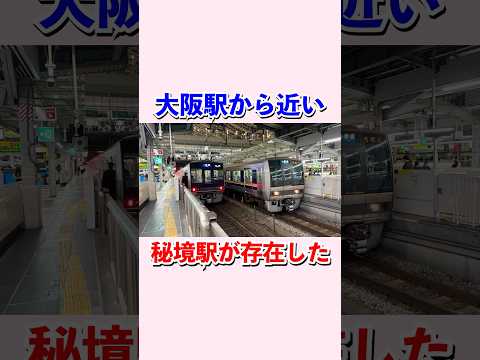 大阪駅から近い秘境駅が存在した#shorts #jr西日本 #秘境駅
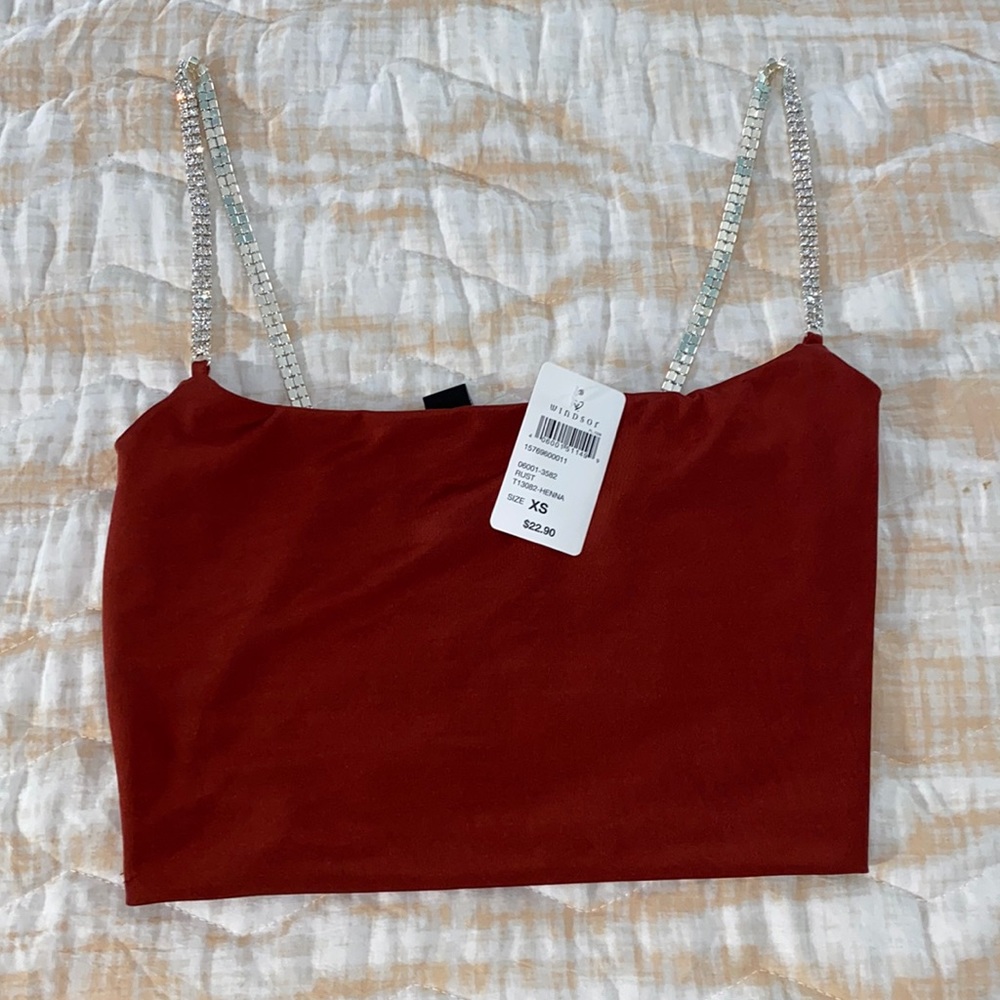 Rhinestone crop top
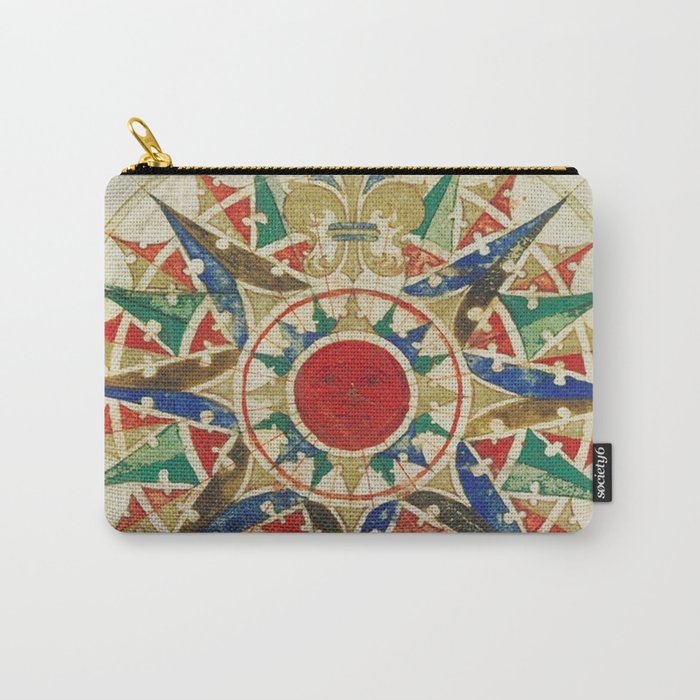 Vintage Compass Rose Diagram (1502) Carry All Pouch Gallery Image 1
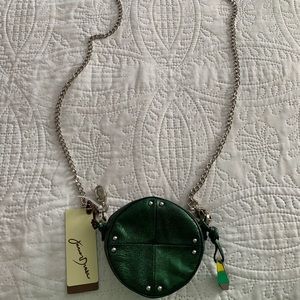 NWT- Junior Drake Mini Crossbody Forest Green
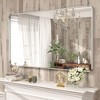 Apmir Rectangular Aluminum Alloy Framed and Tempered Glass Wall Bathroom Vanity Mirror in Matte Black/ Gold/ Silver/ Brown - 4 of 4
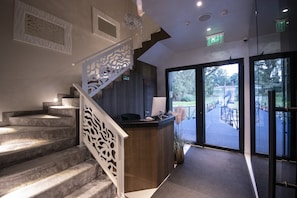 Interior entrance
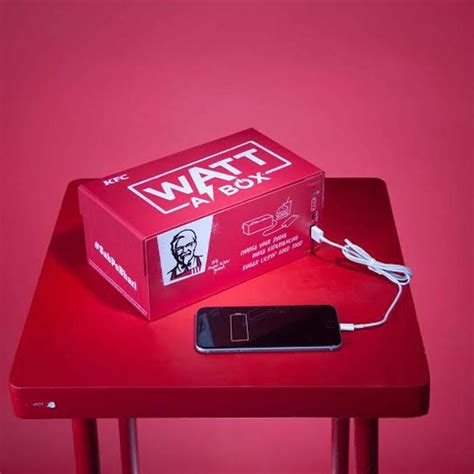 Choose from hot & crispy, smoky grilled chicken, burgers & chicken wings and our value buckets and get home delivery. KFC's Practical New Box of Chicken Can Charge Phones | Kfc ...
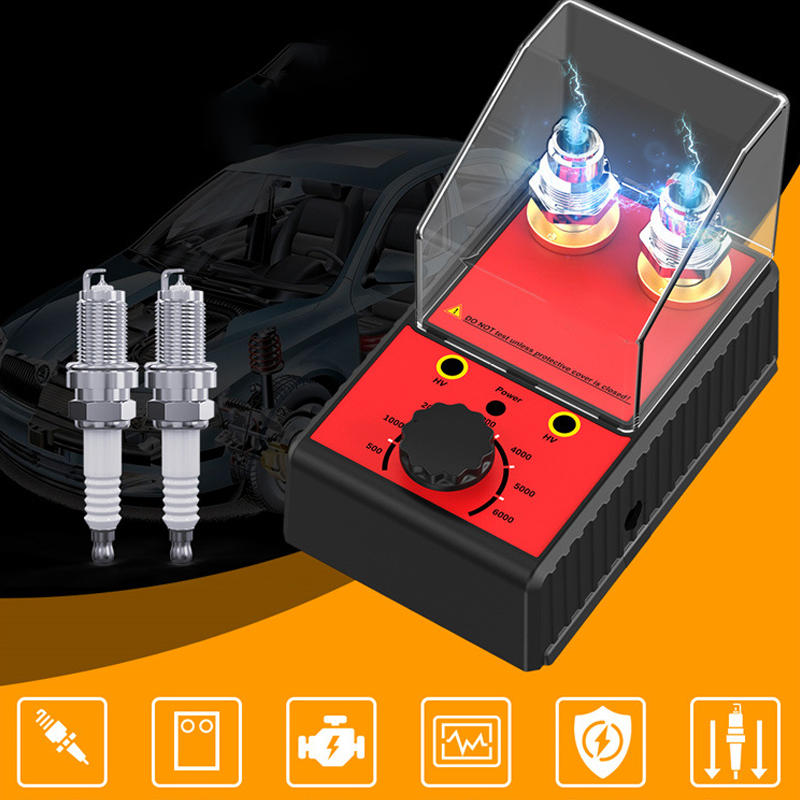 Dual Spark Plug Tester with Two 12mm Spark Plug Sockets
● ● ● ●
§ **WHAT THIS TASK INVOLVES**
Only text belongs in the copy: repeat each line of the data exactly and leave out the pictures.

§ **ANSWER TO THE EXERCISE**
 大阪駅から近い秘境駅が存在した#shorts #jr西日本 #秘境駅
 Rhinestone crop top
 Vintage Compass Rose Diagram (1502) Carry All Pouch Gallery Image 1
 NWT- Junior Drake Mini Crossbody Forest Green
 Apmir Rectangular Aluminum Alloy Framed and Tempered Glass Wall Bathroom Vanity Mirror in Matte Black/ Gold/ Silver/ Brown - 4 of 4
 Interior entrance
 Choose from hot & crispy, smoky grilled chicken, burgers & chicken wings and our value buckets and get home delivery. KFC's Practical New Box of Chicken Can Charge Phones | Kfc ...
 Dual Spark Plug Tester with Two 12mm Spark Plug Sockets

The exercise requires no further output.